TASK REQUIREMENTS: An unchanged copy of all the lines below is expected, and it should contain no pictures.

DATASET EXCERPT:
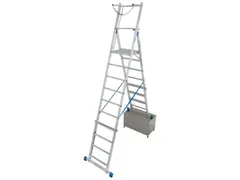 escabeau grande hauteur télescopique estrade HxlxP 2100-2600x500x450m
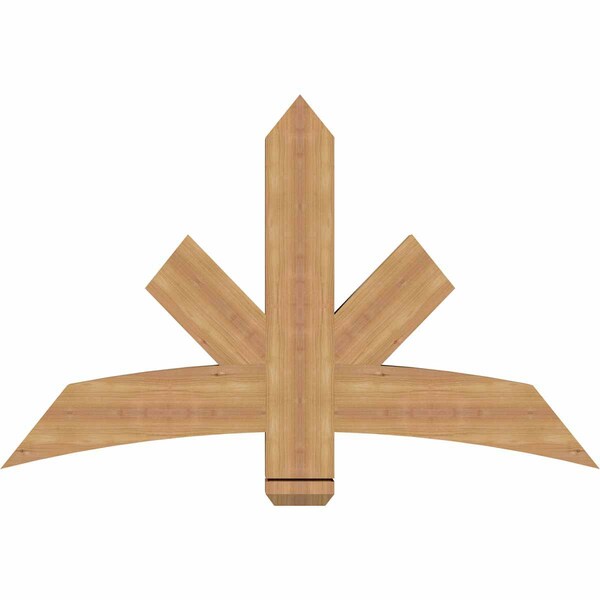 Ekena Millwork Alberta Smooth Timber Gable Bracket, Western Red Cedar, 48"W x 30"H x 3 1/2"D x 5 1/2"F, 15/12 Pitch GBW048X30X0406ALB00SWR - main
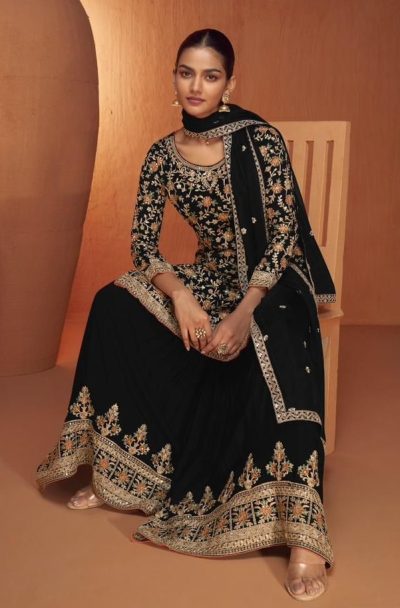 GULKAYRA DESIGNER JHANVI CHINON FANCY SUITS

RESPONSE TO THE TASK:
 escabeau grande hauteur télescopique estrade HxlxP 2100-2600x500x450m
 Ekena Millwork Alberta Smooth Timber Gable Bracket, Western Red Cedar, 48"W x 30"H x 3 1/2"D x 5 1/2"F, 15/12 Pitch GBW048X30X0406ALB00SWR - main
 GULKAYRA DESIGNER JHANVI CHINON FANCY SUITS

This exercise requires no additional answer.